Banks Don’t Want Foreclosures; Borrowers Refuse Help

Banks Don’t Want Foreclosures; Borrowers Refuse Help

By K. Quinn Kyler, Guest Author

PROVO, UT | 3 April 2008 | As many Americans attempt to throw in the towel, mortgage lenders race and even dive to catch it before it hits the ground. Why is the idea of abandonment of personal obligation so saturated in society as a solution to a problem? Banks are having a hard time understanding why so many are giving up and mailing in the keys to their home as opposed to trying to find a solution.

Why is this? What has happened to that ideal people once called the American Dream? It used to be said that the United States of America was a place to go where one can go to work hard, make a living, own a home, have unlimited opportunity, and live a life of freedom. Today as the so-called mortgage crisis spreads across our nation, people have this misconception that as they receive their late payment notice that idealized American Dream becomes something unattainable and remains a dream. This couldn’t be further from the truth. The American Dream still lives on.

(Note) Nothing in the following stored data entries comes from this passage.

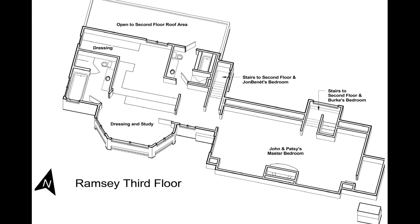Finally, the third floor: the original attic of the house was converted into John and Patsy's master bedroom, which has a vaulted ceiling. The left-hand side is the new addition construction part, and it has the two new bathrooms.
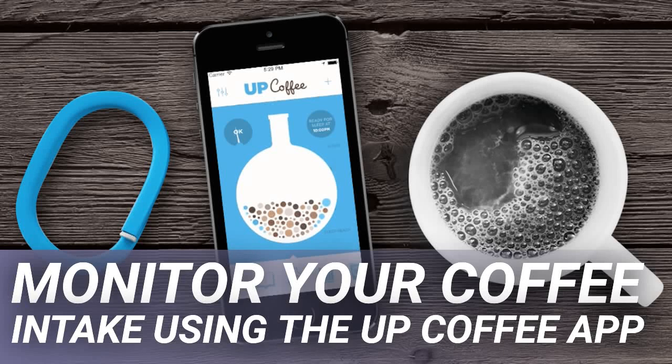Monitor your coffee intake using the UpCoffee app. Overcompensating with coffee will hurt the quality of your sleep, making you more tired the next day.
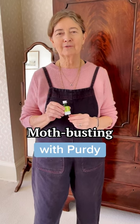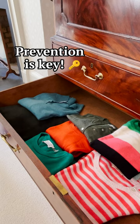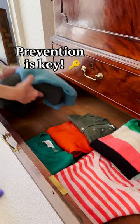Now's the time to act if you want to save your favorite knitwear — prevention is better than cure. Springtime is the perfect time to start clearing out your drawers, because that's when moths love to lay their eggs.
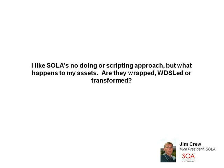A question about SOLA's no coding or scripting approach: are my assets wrapped, wizardled, or transformed? They are wrapped. We provide a proxy — we create runtime metadata that our runtime uses to transform incoming SOAP requests into your legacy formats and then transform legacy responses back into SOAP responses. There's no modification to your program whatsoever. Your transaction and program carry on working exactly the same as always — it's just that there's an additional way of executing it.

There are many reasons for the increasing number of foreclosures, but all of those reasons can be boiled down into two points: mismanagement of debt by the consumer and mismanagement of risk by the bank. Both the consumer and the bank need to own up to the decisions that were made. Noelle Knox in her USA Today article makes mention of the many efforts being made by the lending companies, but people are not responding.

Key Points:

  • Though there are those who have truly fallen on hard times and cannot make their mortgage payments, bankers are discovering that people have created a myriad of rationalizations for not paying their mortgage and not contacting their lenders.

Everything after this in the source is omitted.